Data shown:
=-=-=-=-=

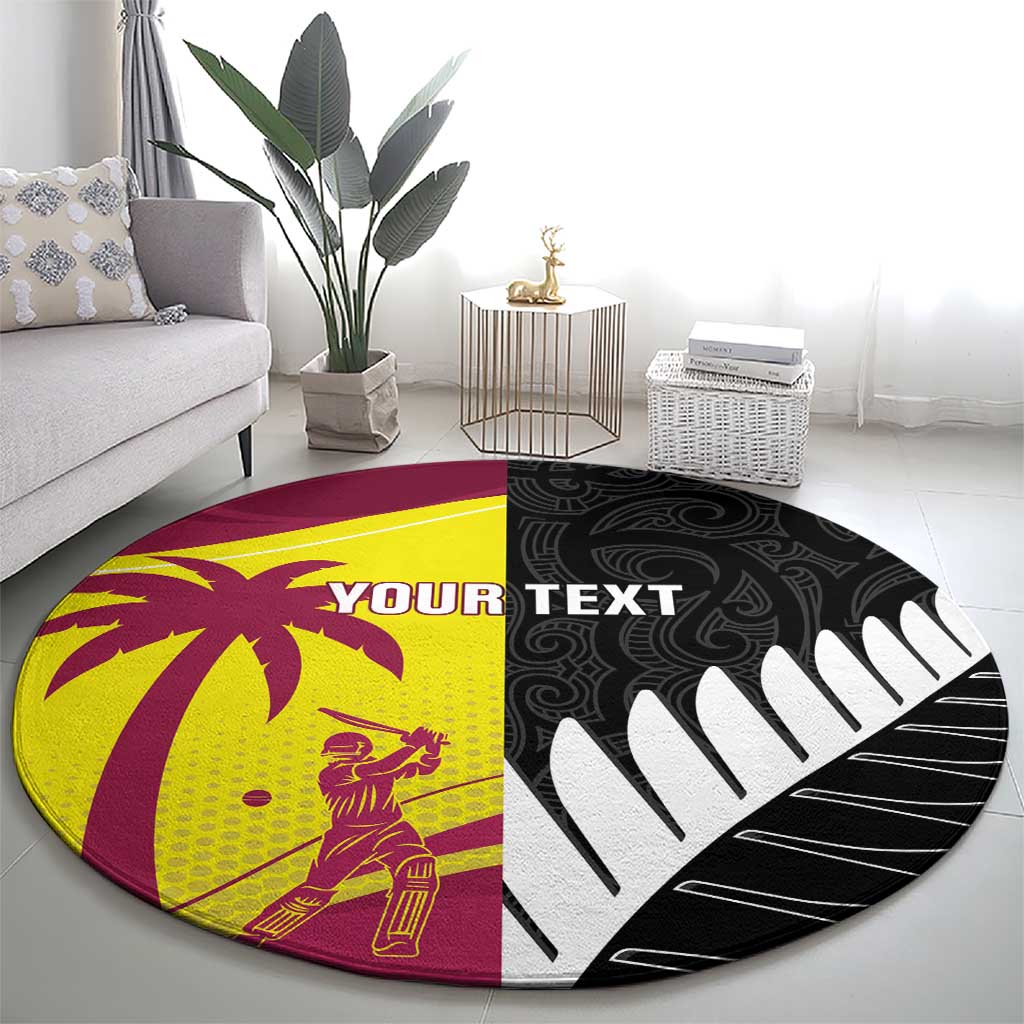 New Zealand and West Indies Cricket Custom Round Carpet Black Cap Windies Together - Polynesian Pride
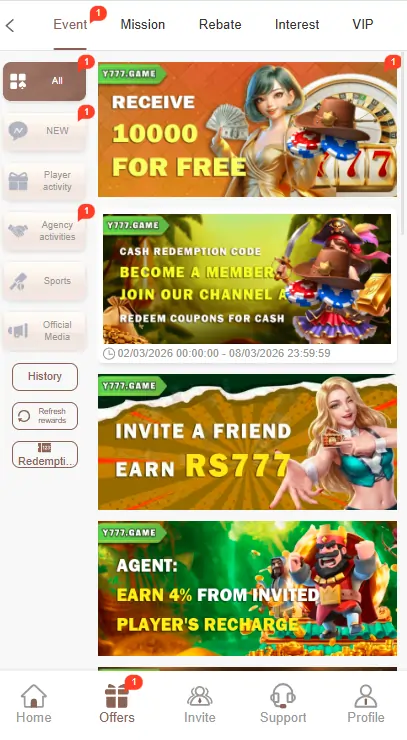 Y777 Game Bonus & Rewards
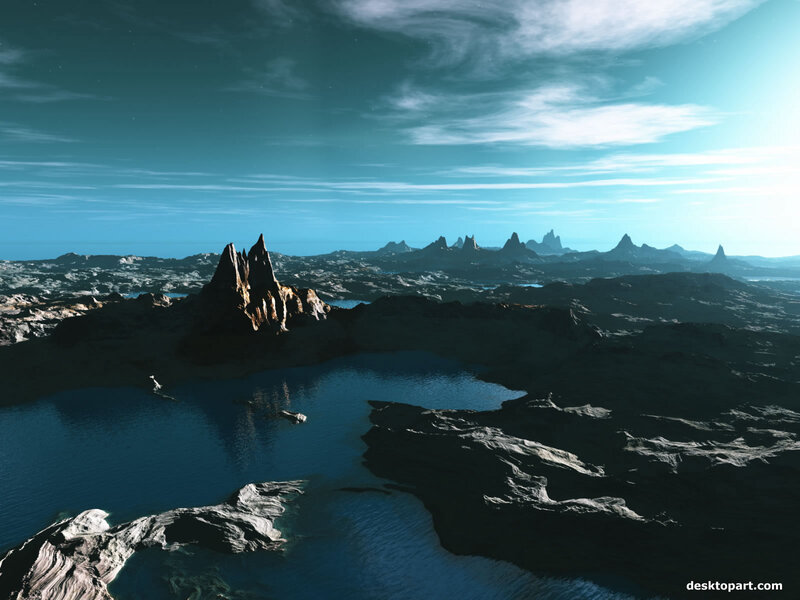 Alien Landscape with Lake — Blue, Serene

=-=-=-=-=

The problem: All lines from the one containing "Y777 Game Bonus & Rewards" through the end of the data are to be written out exactly, with nothing added; skip the pictures.

Answer space:
 Y777 Game Bonus & Rewards
 Alien Landscape with Lake — Blue, Serene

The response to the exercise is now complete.